Cette unité, placée sous l’autorité de Barkhane, a la mission de former, d’entraîner et d’accompagner au combat les forces locales, en l’occurrence malienne pour le moment. Et elle va prendre du volume avec les contributions annoncées par plusieurs pays européens, dont certaines se sont déjà concrétisées.

« Takuba, c’est aujourd’hui 8 pays européens partenaires mobilisés à nos côtés : la Suède, la République Tchèque, l’Estonie, l’Italie, le Danemark, le Portugal, la Belgique et les Pays-Bas. Et par ailleurs, il faut rappeler que nous sommes politiquement soutenus par l’Allemagne, la Norvège et la Grande-Bretagne », a rappelé Mme Parly.
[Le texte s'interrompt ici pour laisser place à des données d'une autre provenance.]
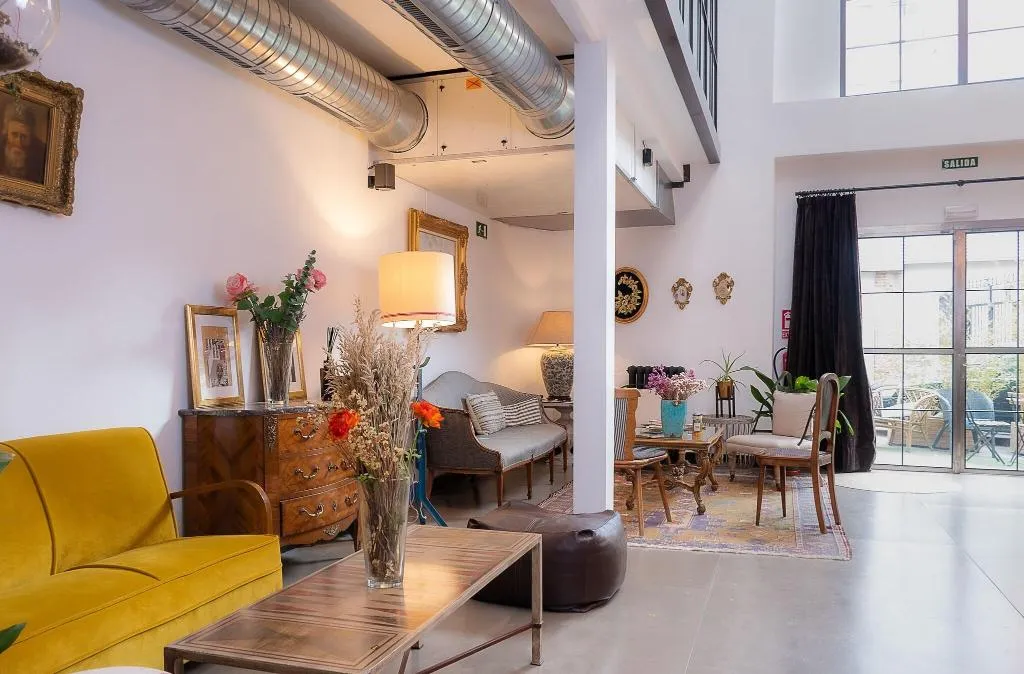 Lobby, Lanave, Madrid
« Le groupe franco-tchèque vient d’achever son déploiement et a déjà entamé son entrainement avec une unité malienne. Il sera d’ailleurs bientôt engagé à son tour en opération » et le « contingent suédois a également commencé son déploiement et il monte en puissance », avec 150 militaires stationnés à Ménaka, 3 hélicoptères de manœuvre, un avion de transport tactique et une équipe chirurgicale », a indiqué la ministre Parly. Ce détachement sera au complet « dans quelques semaines », a-t-elle précisé.

Bien que ne faisant pas partie des pays ayant affiché leur soutien politique à Takuba, l’Italie poursuit actuellement ses travaux de planification, avec 200 militaires et 8 hélicoptères de manœuvre, en vue d’un « déploiement à partir de mars de cette année », a annoncé Mme Parly, qui a fait état d’autres contributions à venir, en précisant, cette fois, les pays concernés.

« Par ailleurs, d’autres contributions sont annoncées pour les prochains mois, notamment de la part du Danemark, du Portugal, de l’Ukraine, de la Grèce, de la Hongrie », a-t-elle en effet affirmé.

Si l’intérêt des pays cités par Takuba a déjà été évoqué, celui de la Hongrie est en revanche nouveau. A priori, Budapest envisagerait donc d’engager des éléments de la 2e Brigade d’opérations spéciales « Vitéz Bertalan Árpád » de ses forces armées. Cela étant, des militaires hongrois ont déjà été déployés au Mali, notamment au sein d’EUTM Mali, la mission de l’Union européenne lancée en 2013 pour former les forces armées malienne [FAMa]

Quoi qu’il en soit, ces contributions européennes au groupement de forces spéciales Takuba s’expliquent par une analyse partagée des enjeux sahéliens.

« Si Daesh et al-Qaïda s’emparent du Sahel, s’ils en font un sanctuaire, alors il y a un risque de les voir s’étendre du Sahel à toute l’Afrique de l’Ouest. Il y a aussi un risque de voir la région déstabilisée devenir une sorte de base-arrière de multinationales terroristes […] où il serait possible d’entraîner des jihadistes et de préparer de nouveaux attentats. On a d’ailleurs déjà vu ce que cela a donné en Afghanistan avant 2001, au Levant avant 2014. Et cela, c’est évidemment un risque pour la France et pour l’Europe. […]C’est parce que nos partenaires européens partagent pleinement cette évaluation qu’ils s’investissent chaque jour un peu plus au Sahel, chacun selon ses moyens, ses traditions, ses pratiques », a expliqué Mme Parly.